Autre profil d'emprunteur pour qui le DPE revêt une importance cruciale : les investisseurs. Les passoires thermiques, à savoir les logements classés F ou G, n'étant plus autorisées à la location à l'horizon 2025 et 2028, les banques accordent des financements uniquement sous condition de travaux d'envergure.

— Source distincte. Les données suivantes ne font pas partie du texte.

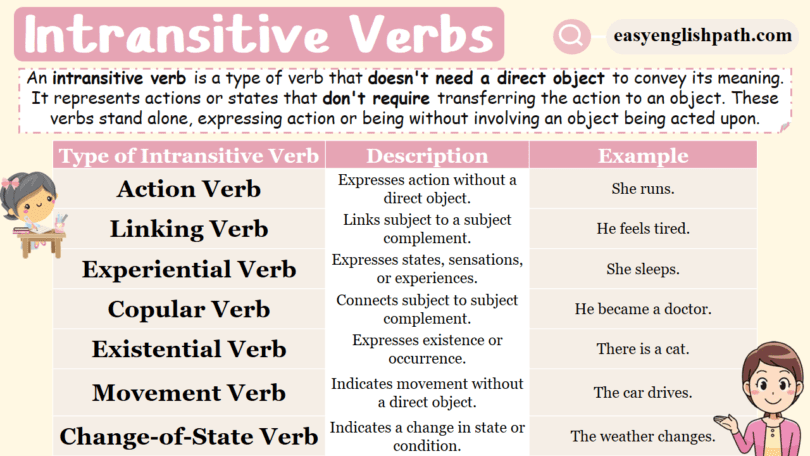 Intransitive Verbs Definition, Types and Quiz In English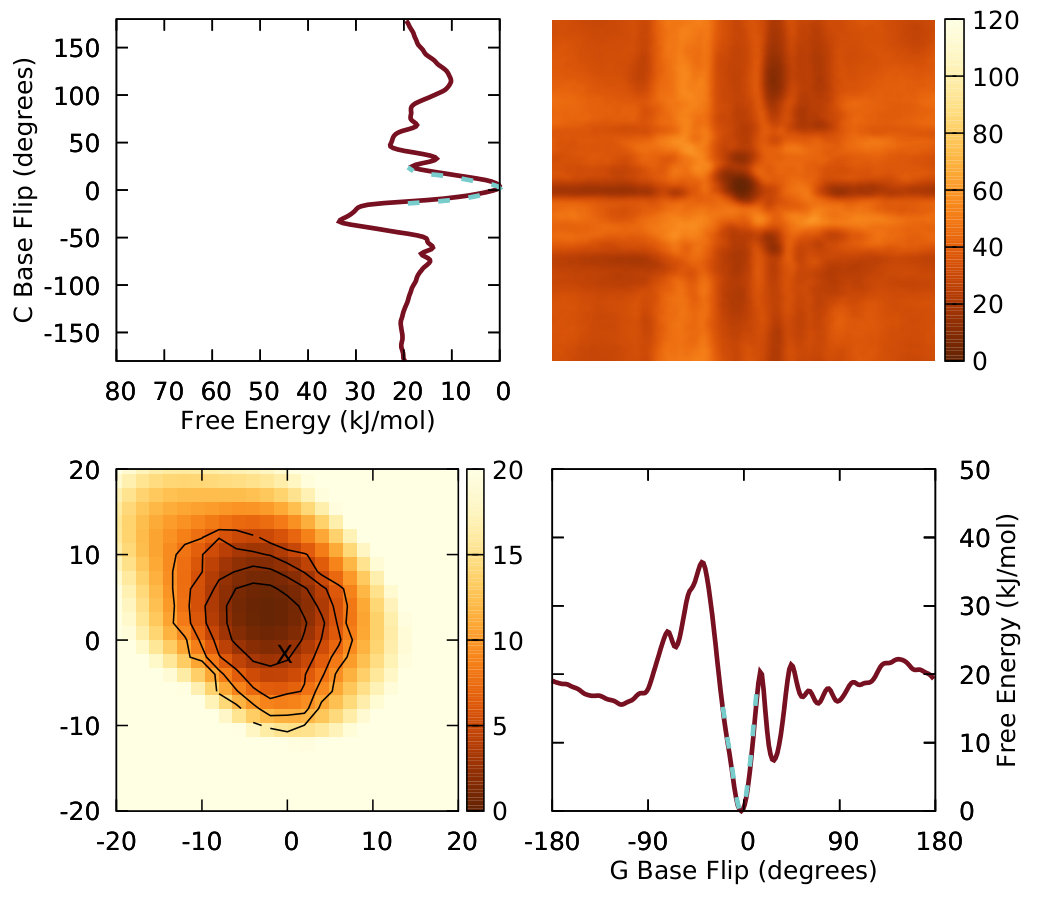 Figure 23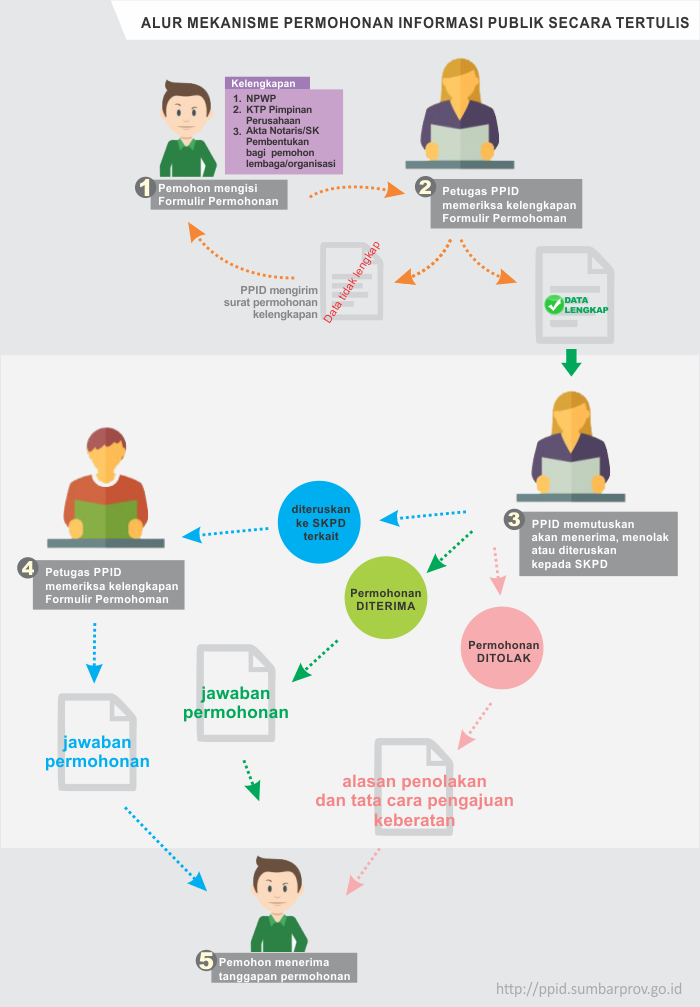 MEKANISME PERMOHONAN INFORMASI PUBLIK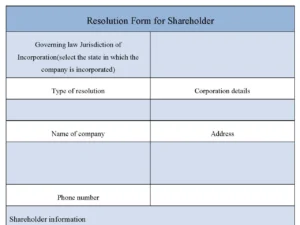 Blank Resolution Form for Shareholder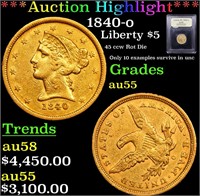 *Highlight* 1840-o Liberty $5 Graded Choice AU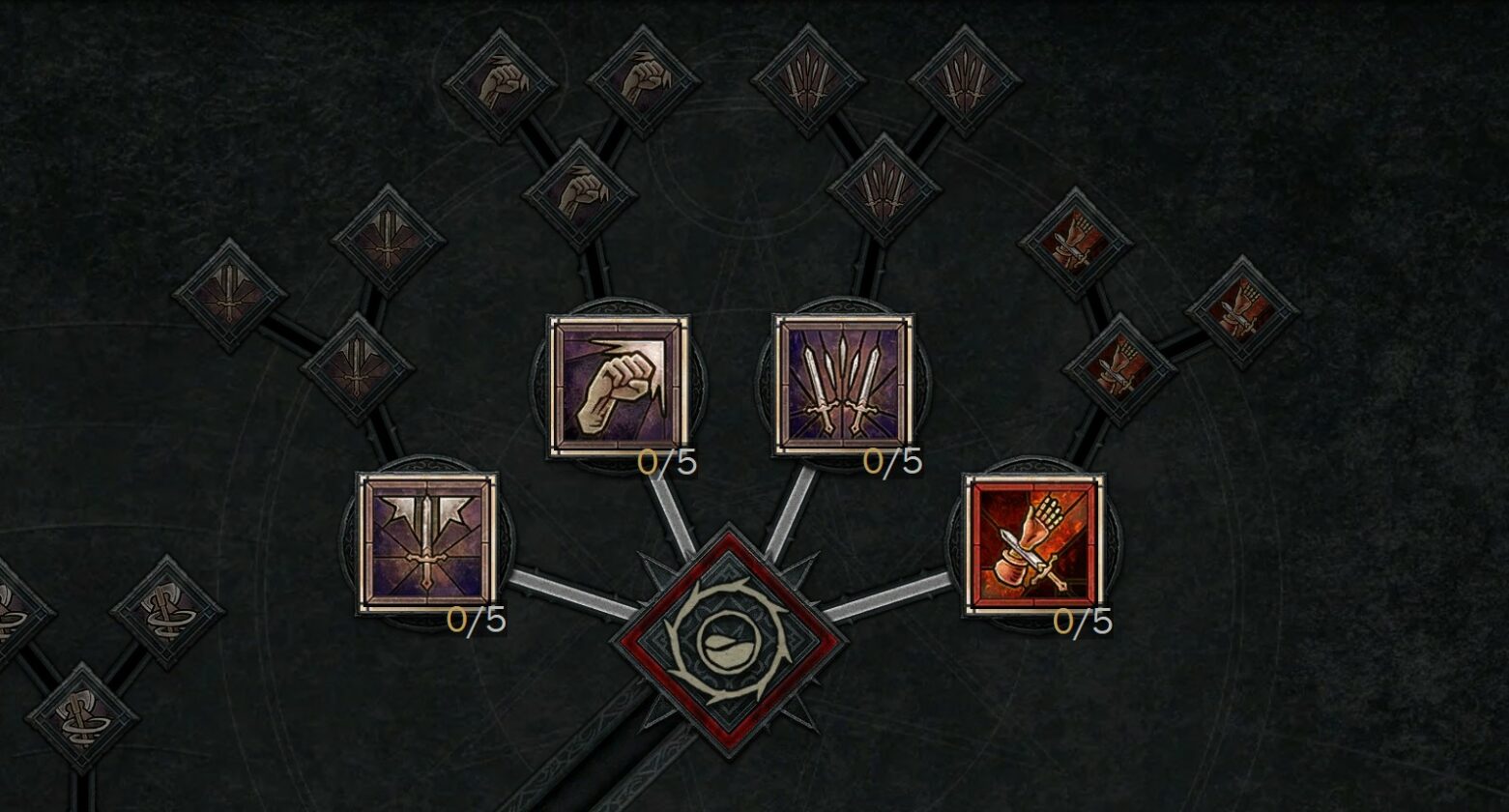 Arbre de compétences du barbare - Diablo 4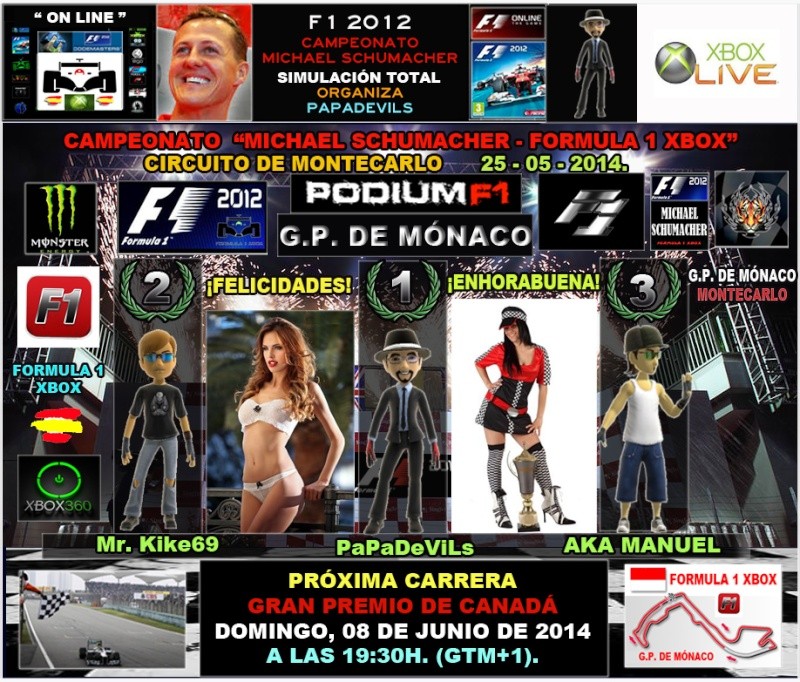 F1 2012 / RESULTADOS DE LA CLASI / CARRERA / PODIUM / CLASIFICACIÓN GENERAL, Campeonato "Michael Schumacher - Formula 1 Xbox"  Gran Premio de Mónaco - Circuito de Montecarlo, Domingo 25 de Mayo de 2014. F1-pod42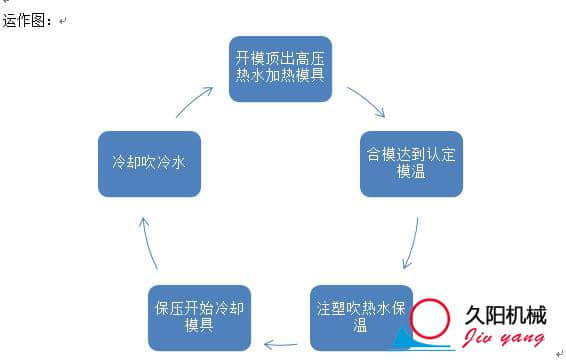 速冷速熱模溫機(jī)運(yùn)行圖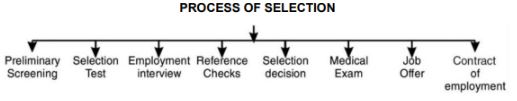 CBSE-Class-12-Business-Studies-Staffing-Notes-Set-B-1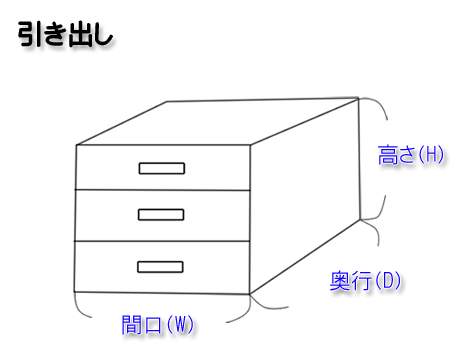 サイズの見方(引き出し)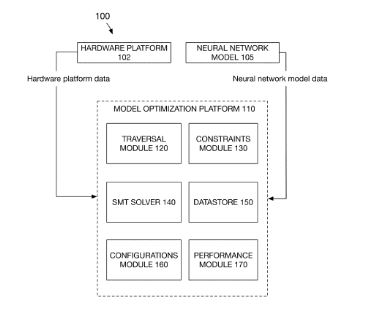 Tesla Neural Network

Il est un autre critère que les banques considèrent à présent : l'éloignement du logement par rapport au lieu de travail. La raison relève de la simple logique économique : le carburant coûte de plus en plus cher et ce surcoût a un impact direct sur le budget des ménages. Une enquête France Info réalisée en mars dernier a calculé que les Français dépensent en moyenne près de 100€ de plus par mois pour leurs trajets domicile-travail par rapport à 2021. Cette charge supplémentaire est d'autant plus élevée que le logement est éloigné du lieu de travail.
Sur la base de demandes de prêt qu'il a eues à traiter, le courtier Vousfinancer estime qu'une distance de 50 km entre le domicile et le travail peut poser problème et conduit en général la banque à abaisser le taux d'endettement maximum à 30% pour absorber la dépense engendrée.
Après la solidité de leur profil, leur solvabilité et le montant de l'apport personnel, les emprunteurs doivent désormais renforcer la pertinence de leur projet immobilier : les travaux de qualité doivent entrer dans le plan de financement, sans qu'ils prennent une part excessive dans la valeur du bien, et la localisation du logement par rapport au lieu de travail ne doit pas surcharger outre mesure le budget transport du ménage.